Die Kulturarbeit an der evangelischen Trinitatiskirche im Filzengraben kennzeichnet unter anderem eine Kooperation mit anderen Kultur- und Bildungsträgern. So beherbergte sie Mitte Juli die Diplomausstellung der Kunsthochschule für Medien Köln (KHM). Die Präsentation fand statt im Rahmen des jährlichen „Rundgangs“ der Bildungseinrichtung: An vier Tagen wurden die Jahres- und Diplomarbeiten öffentlich vorgestellt. Aktuell verfügt die KHM über insgesamt sieben Adressen. Ihre Verwaltungs-, Seminar und weiteren Räume, ihre Studios und Labore liegen in direkter, beziehungsweise enger Nachbarschaft zur 1860 eingeweihten Trinitatiskirche. Mit seinen ausgedehnten Boden- und Wandflächen, mit seiner „schlichten und zugleich erhabenen Formensprache“, mit seiner als „öffentlicher Raum“ wirkenden klassizistischen Architektur weckte der von Friedrich August Stüler entworfene Bau früh das Interesse der KHM als Veranstaltungsort. Beispielsweise fand dort im Oktober 2010 der Festakt zum 20-jährigen Bestehen der renommierten Institution statt. Nun wurden die Kirchenschiffe, Emporen und ein Nebenraum erneut mit medialer bildender und filmischer Kunst sowie Design bespielt.
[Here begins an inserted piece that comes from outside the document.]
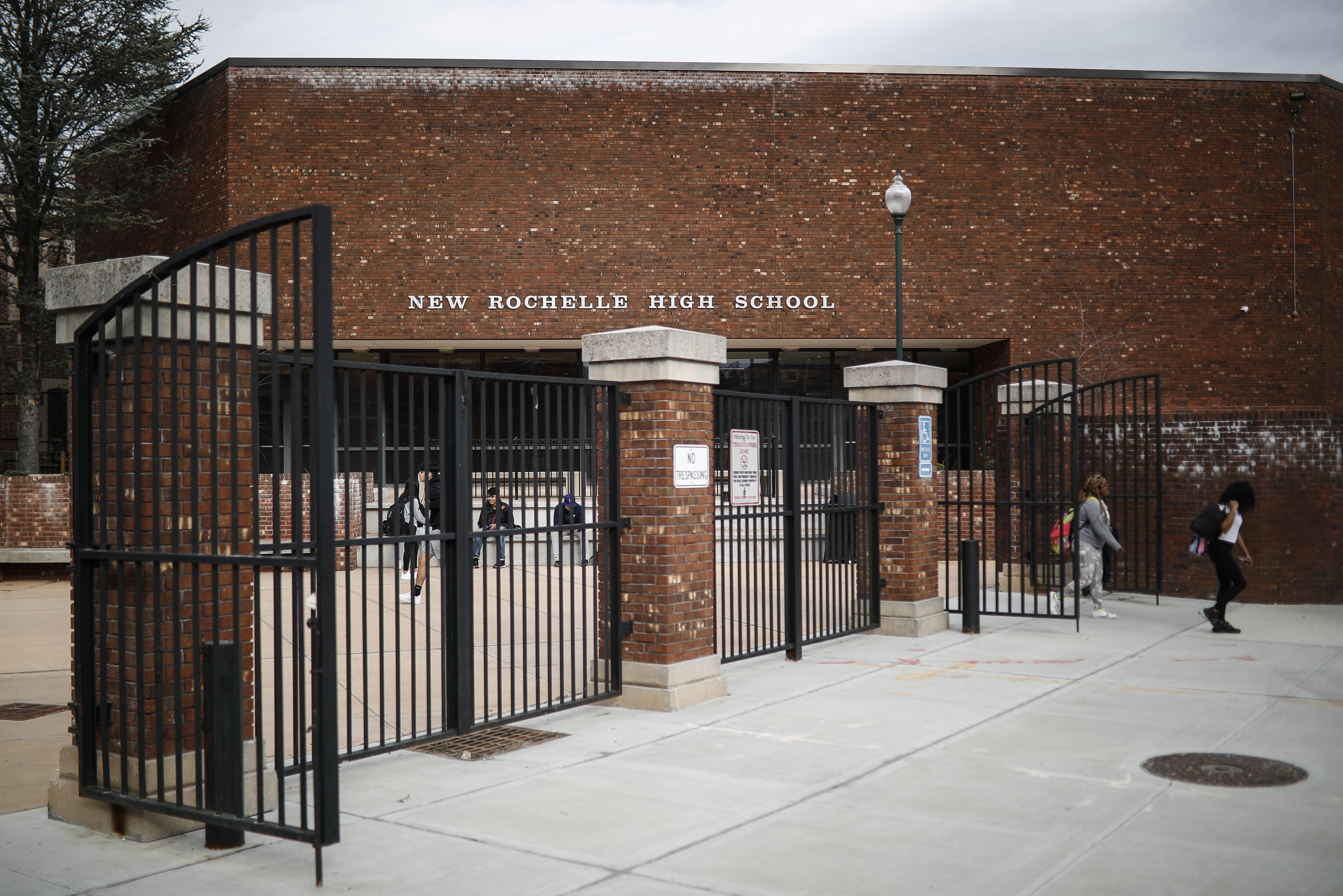 As virus shuts schools, experts debate if that curbs spread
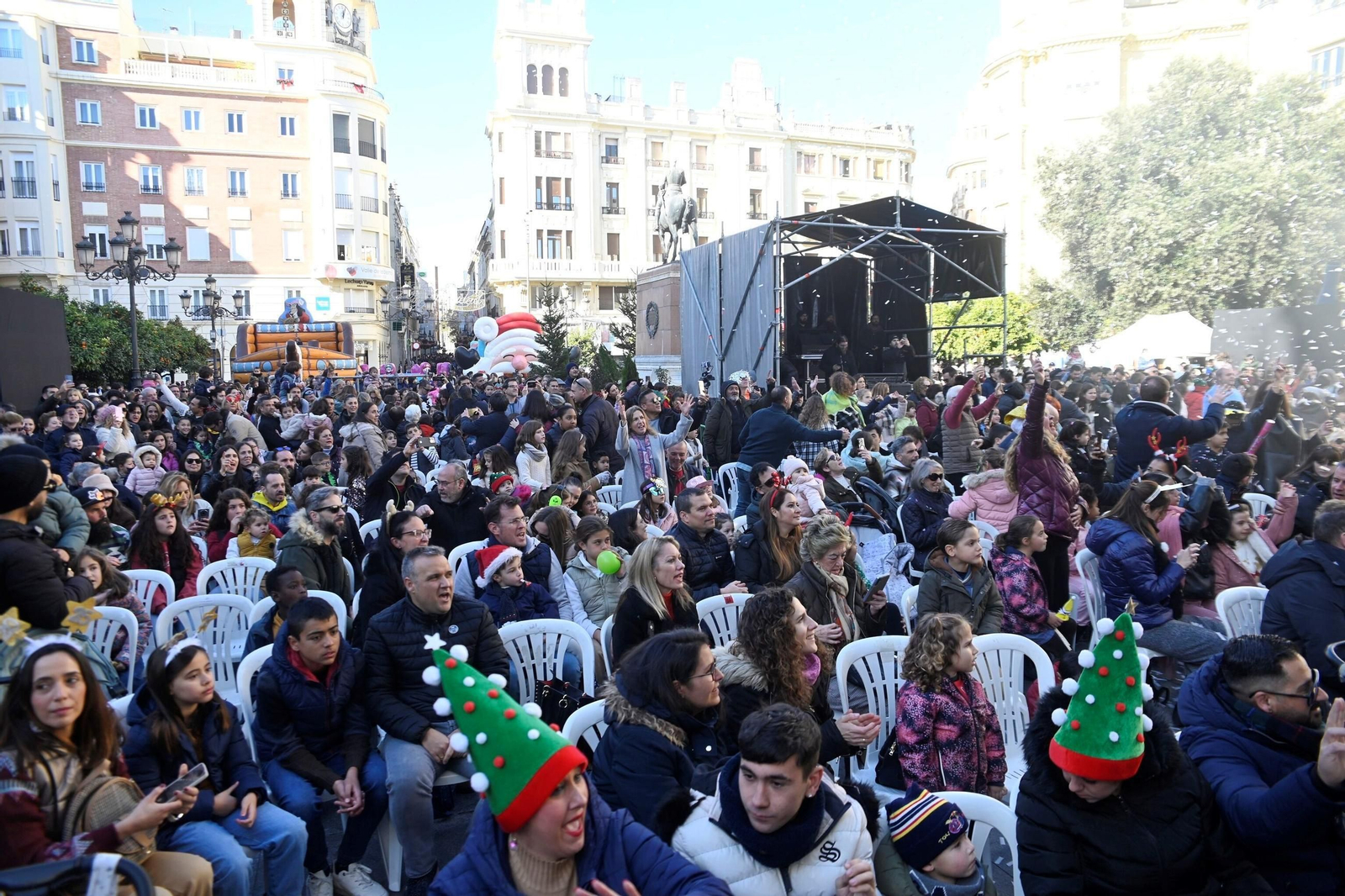 Los niños de Córdoba despiden 2024 con una fiesta infantil y campanadas en las Tendillas, en imágenes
„Entwicklung und Förderung medialer Künste“
Zu den in ihrer Grundordnung verankerten Aufgaben der KHM zählt zuvorderst „die Entwicklung und Förderung medialer Künste“ – basierend auf der Verbindung der Bereiche Film, Kunst und Wissenschaft. So kann die große Bandbreite an Äußerungen, die den zahlreichen Besuchenden des „Rundgangs 2011“ auch in der Trinitatiskirche begegneten, nicht verwundern. Vertreten waren unter anderem die Bereiche Fotografie und Installation, Video- und Medienkunst, Experimentalfilm, Gestaltung und Skulptur. Viele der anregenden Ideen und überraschenden Umsetzungen der Kunst- und Filmschaffenden erschienen zumindest auf den zweiten Blick nachvollziehbar, andere verlangten nach einer eingehenden Beschäftigung und wieder andere blieben rätselhaft – erst recht ohne Erläuterung.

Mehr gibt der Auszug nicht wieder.